ICS generates a little under $1,000 in unrestricted funds for Depaul every month. It might not sound like much, but McKenna said it keeps the lights on. That’s the kind of impact should not be underestimated.

“After they pay their employees, after they pay back their loans, they are still donating money to the nonprofit. That is a lot of money,” McKenna emoted. “I know what $1,000 a month means to their bottom line. Hopefully that company will grow and put in $10,000 a month. I hope it does go to scale. Right now they’re figuring it out.”

Why aren’t other foundations taking these risks — or, as many as the Kind Foundation is? McKenna has a saying: Everyone says it’s a not a sprint, it’s a marathon. But everyone is too concerned about training for the marathon and not actually running it.

The most detrimental failure a foundation can make, she said, is choosing to remain inactive with their corpus.

“Laura has been a passionate and vocal advocate for mission-aligned investing at foundations, pushing us to not just make grants but also make investments that benefit the communities we serve,” said Barra Foundation President Tina Wahl, who has known McKenna since the mid-1980s. “She acted swiftly to change the investment practices at the Patricia Kind Family Foundation and forged a path for other foundations to follow.”

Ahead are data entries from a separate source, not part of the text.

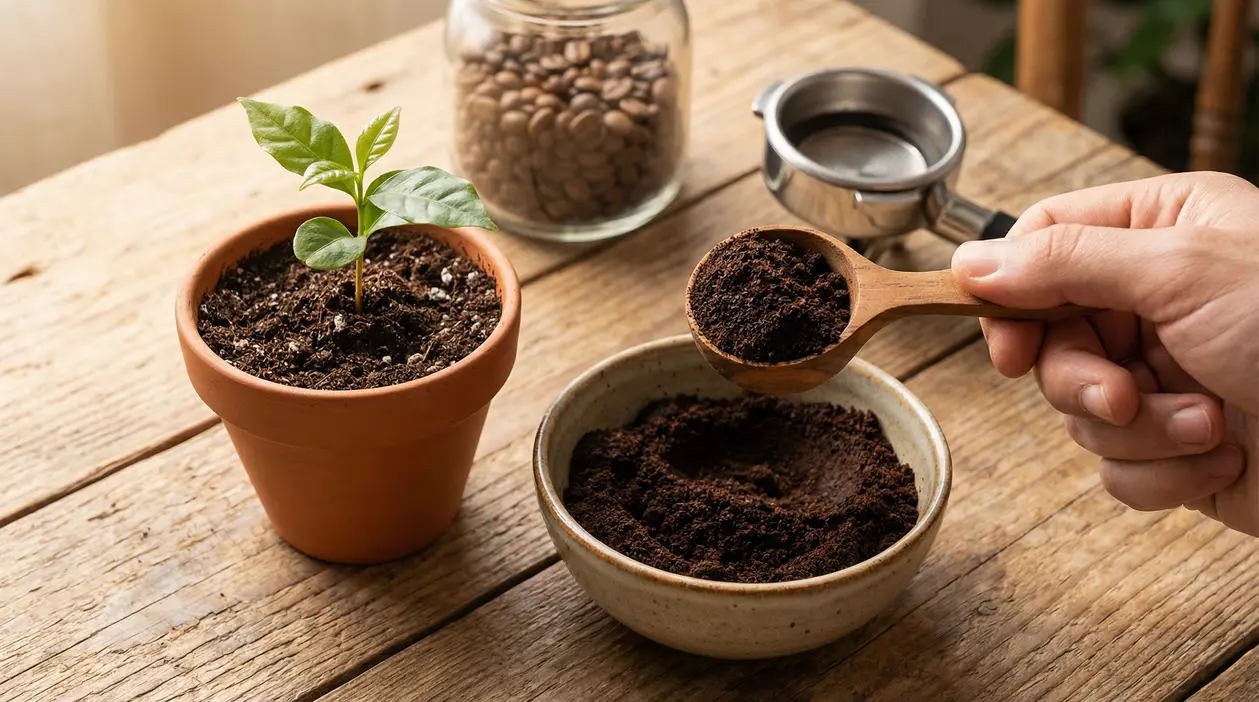 Fondi di caffè in una ciotola accanto a una piantina in vaso su un tavolo di legno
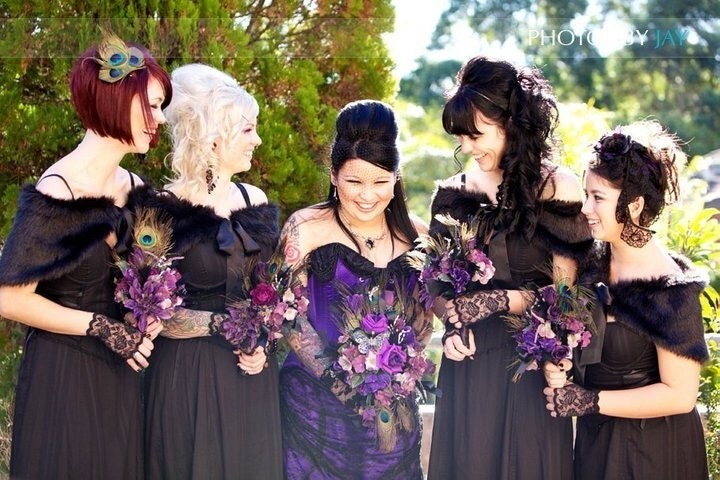 Peacock Bridal Bouquet Purple Weddings Gothic Custom for Jenn3n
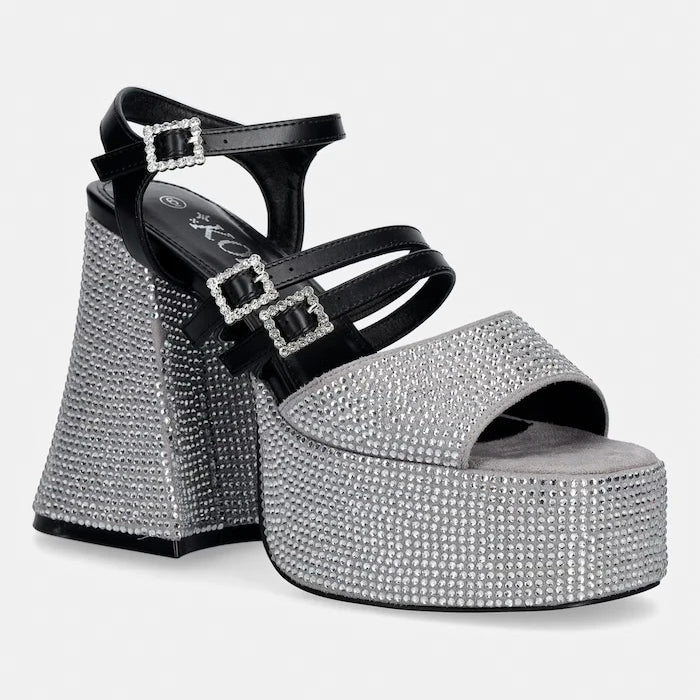Koi Footwear Kalın Topuklu Felicity Crystal Strappy Heels Sandalet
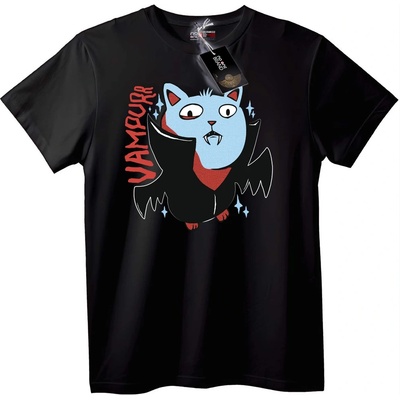 NOONEBRAND Тениска Вампир Котка - 2XL, Black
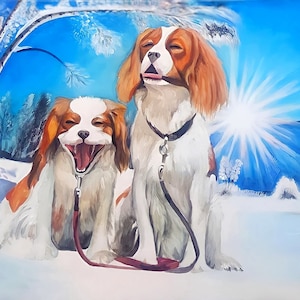 Pintura al óleo de perro personalizada a partir de foto sobre lienzo, regalo personalizado de SU gato, retrato de mascota de pintura acrílica original pintado a mano, regalo de amante de los perros
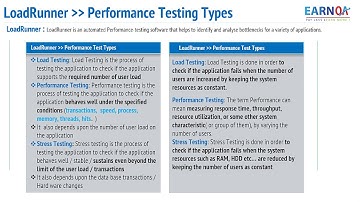Load Runner - Performance Testing Types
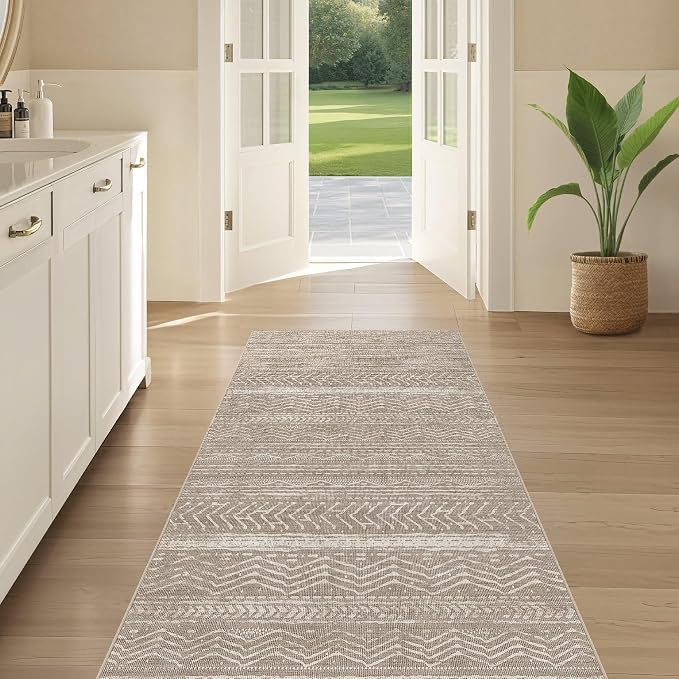Nakagishi Area Rug Living Room Rugs: 3X8 Machine Washable Boho Large Neutral - Image 5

McKenna may like to spend — hence the “aggressive” reputation — but she makes it work for her foundation, and has been a necessary trailblazer in the foundation investment space. Her advice for colleagues looking to join her? Stop vetting vehicles through financial institutions.

“When people say there aren’t enough opportunities out there, they’re only looking at opportunities through financial institutions,” she said. “Look at mission first. Take a risk with a social entrepreneur. If you believe in what they’re selling, why not?”

McKenna finishes the last bite of her poached egg, takes a sip of water to soothe her lasting cough and slides out of the diner booth. Jerome is waiting.